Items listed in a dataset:
══════
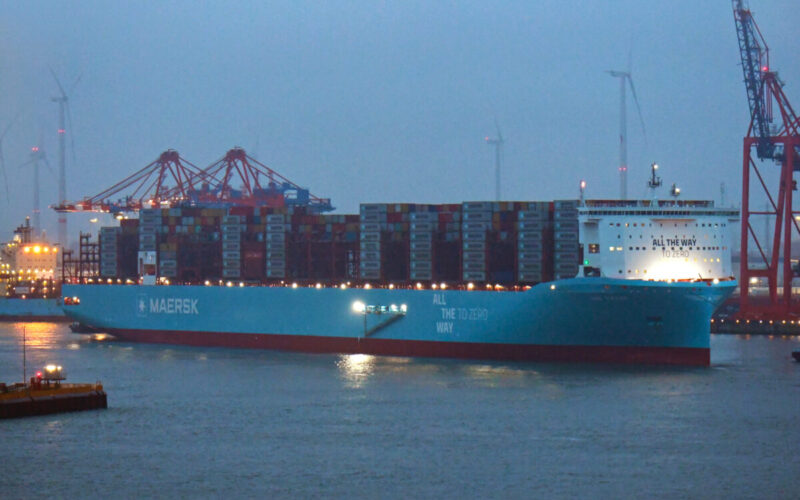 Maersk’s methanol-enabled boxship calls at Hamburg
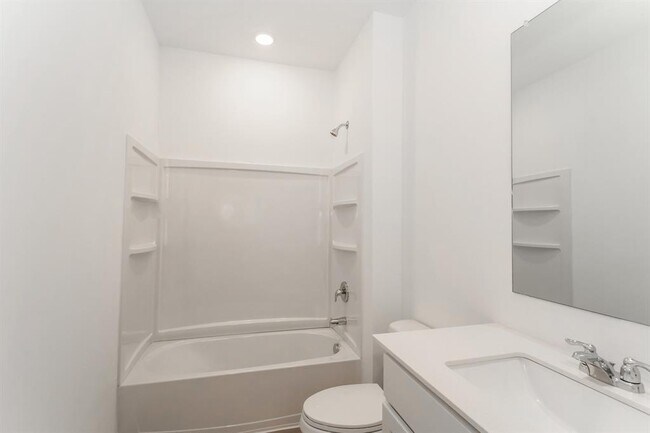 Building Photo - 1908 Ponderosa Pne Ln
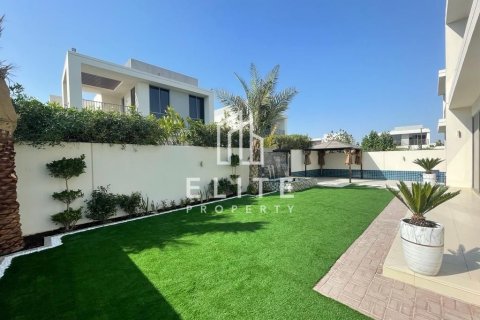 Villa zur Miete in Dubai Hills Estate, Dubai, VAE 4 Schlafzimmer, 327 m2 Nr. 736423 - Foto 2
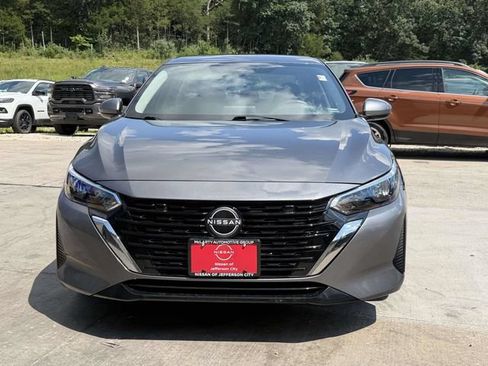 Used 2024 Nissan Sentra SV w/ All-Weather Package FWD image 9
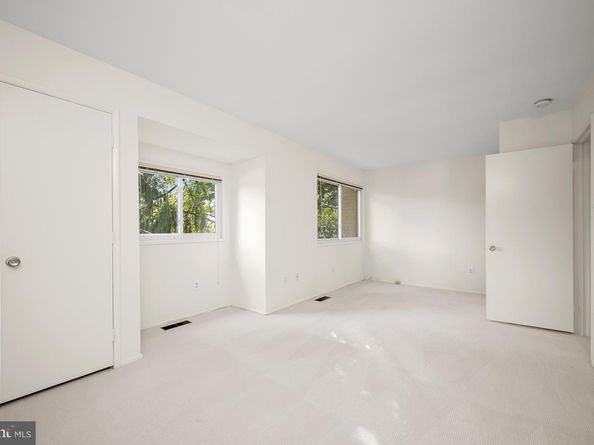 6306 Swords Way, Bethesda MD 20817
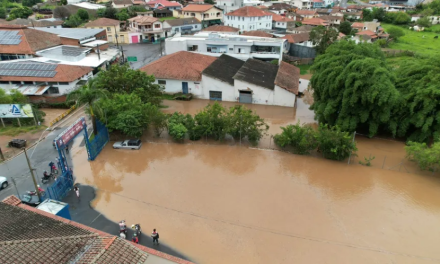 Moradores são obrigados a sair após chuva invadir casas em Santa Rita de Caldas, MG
══════
**EXERCISE**
Omit the pictures, then extract verbatim only those lines that fall between the line containing "Villa zur Miete" and the final line of the records above, both included.

**ANSWER**
 Villa zur Miete in Dubai Hills Estate, Dubai, VAE 4 Schlafzimmer, 327 m2 Nr. 736423 - Foto 2
 Used 2024 Nissan Sentra SV w/ All-Weather Package FWD image 9
 6306 Swords Way, Bethesda MD 20817
 Moradores são obrigados a sair após chuva invadir casas em Santa Rita de Caldas, MG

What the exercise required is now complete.